I doubted anyone even noticed that I’d been there. But they all knew that they paid a premium price to come home each night to a spotless apartment.
I had a cart – much like a hotel maid. But it was for things like a vacuum cleaner, a clothes steamer, my Windex, and such.
Oh and I did laundry. I’d put sheets in the washer when I first arrived and by the time I left, everything was fresh and clean. If I knew a guest bed hadn’t been used, I didn’t touch it.
Perhaps they noticed the fresh scent of clean sheets or the empty hamper.
Sometimes there would be dishes in the sink to load into the dishwasher, but that was rare. Most of the tenants either ate out or had food delivered.
Today I was cleaning Abigail Chandler’s apartment. I knew her name by the little stack of mail on a table by the door. I also knew that she was single and shopped at Nordstrom’s. She drove a BMW and had family in Lafayette, Louisiana. I knew all this from her mail.
I had no idea what Abigail looked like, but I knew a lot about her. I knew that she was a vegetarian and wore a size six.
The same size clothes as I wore. I decided today to freshen up the clothes in her closet. I heated up my steamer and took the wrinkles out of an emerald green silk blouse and a black crepe skirt.
The outfit would suit my purposes perfectly. For good measure, I steamed a couple of other items as well. All the other clothes looked good enough.
I took a pair of black red bottom shoes and tucked them in a bag on my cart. I knew that Abigail never wore them. They were tucked in a box in the back of her closet and hadn’t moved once in the six months I’d been coming here.

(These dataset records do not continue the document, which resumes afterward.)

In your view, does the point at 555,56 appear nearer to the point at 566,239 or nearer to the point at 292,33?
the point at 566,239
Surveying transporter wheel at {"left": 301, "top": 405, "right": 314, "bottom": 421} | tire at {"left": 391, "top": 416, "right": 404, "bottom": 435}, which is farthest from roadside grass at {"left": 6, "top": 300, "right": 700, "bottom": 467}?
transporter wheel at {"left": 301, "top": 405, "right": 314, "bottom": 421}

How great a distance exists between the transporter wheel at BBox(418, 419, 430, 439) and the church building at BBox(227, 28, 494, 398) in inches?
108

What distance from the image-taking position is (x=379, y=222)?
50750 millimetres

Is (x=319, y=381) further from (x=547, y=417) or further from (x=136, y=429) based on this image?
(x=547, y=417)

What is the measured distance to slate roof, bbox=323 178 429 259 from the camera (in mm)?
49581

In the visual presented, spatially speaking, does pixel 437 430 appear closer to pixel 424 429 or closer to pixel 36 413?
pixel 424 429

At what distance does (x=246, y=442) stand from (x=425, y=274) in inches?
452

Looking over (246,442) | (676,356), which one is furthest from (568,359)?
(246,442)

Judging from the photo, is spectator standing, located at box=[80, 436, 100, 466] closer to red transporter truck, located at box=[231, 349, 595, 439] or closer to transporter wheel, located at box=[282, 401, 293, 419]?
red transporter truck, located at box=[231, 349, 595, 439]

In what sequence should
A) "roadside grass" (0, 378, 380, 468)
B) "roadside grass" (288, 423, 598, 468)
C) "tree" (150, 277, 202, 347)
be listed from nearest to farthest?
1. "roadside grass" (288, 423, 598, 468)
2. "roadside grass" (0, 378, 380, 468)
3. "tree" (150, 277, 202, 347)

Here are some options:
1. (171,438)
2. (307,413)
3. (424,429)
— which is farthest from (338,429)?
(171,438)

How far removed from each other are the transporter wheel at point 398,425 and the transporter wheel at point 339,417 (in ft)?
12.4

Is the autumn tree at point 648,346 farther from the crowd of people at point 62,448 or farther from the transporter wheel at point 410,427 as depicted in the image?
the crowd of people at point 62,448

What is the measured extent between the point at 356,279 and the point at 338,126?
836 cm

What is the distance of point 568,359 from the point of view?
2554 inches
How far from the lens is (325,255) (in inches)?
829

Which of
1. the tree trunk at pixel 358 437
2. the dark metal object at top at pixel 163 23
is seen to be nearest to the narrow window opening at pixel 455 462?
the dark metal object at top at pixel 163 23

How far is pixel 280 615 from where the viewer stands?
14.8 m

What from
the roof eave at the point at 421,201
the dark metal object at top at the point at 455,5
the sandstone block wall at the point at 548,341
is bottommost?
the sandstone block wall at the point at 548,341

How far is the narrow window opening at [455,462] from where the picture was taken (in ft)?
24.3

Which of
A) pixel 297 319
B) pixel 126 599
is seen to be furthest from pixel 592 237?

I would bring them back next week.
I was very careful. There were no wedding invitations in her mail. Nothing to suggest that she would need her special black heels.
I carefully folded the skirt and the green blouse and tucked them on my cart.
If anyone asked, I’d say I was taking them to the cleaners. The shoes were more of a risk, one I rarely took, but I had my own special occasion to think about.
When the apartment was perfectly clean and everything was in its place, I rolled my cart to the sixth-floor janitorial office and parked it. Even the janitorial office was spotless. Sometimes I imagined that real people didn’t actually live here. At least not on the sixth floor.
I took the bag with the borrowed clothes to my car. Such that it was. It was a ten-year-old Ford Taurus in an outdated bright blue color with a dented passenger door. It was embarrassing to drive around the nice areas of Houston, but it got me where I needed to go at least most of the time.
It was eleven thirty. I had an hour for lunch before I had to go to apartment 602.
Apartment 602 was my most… unusual. It belonged to Stephen. I didn’t know his last name. He kept his mail tucked away, so I knew few details about him.
Stephen, however, unlike the other tenants was always home.
I hadn’t decided if I liked 602 or not.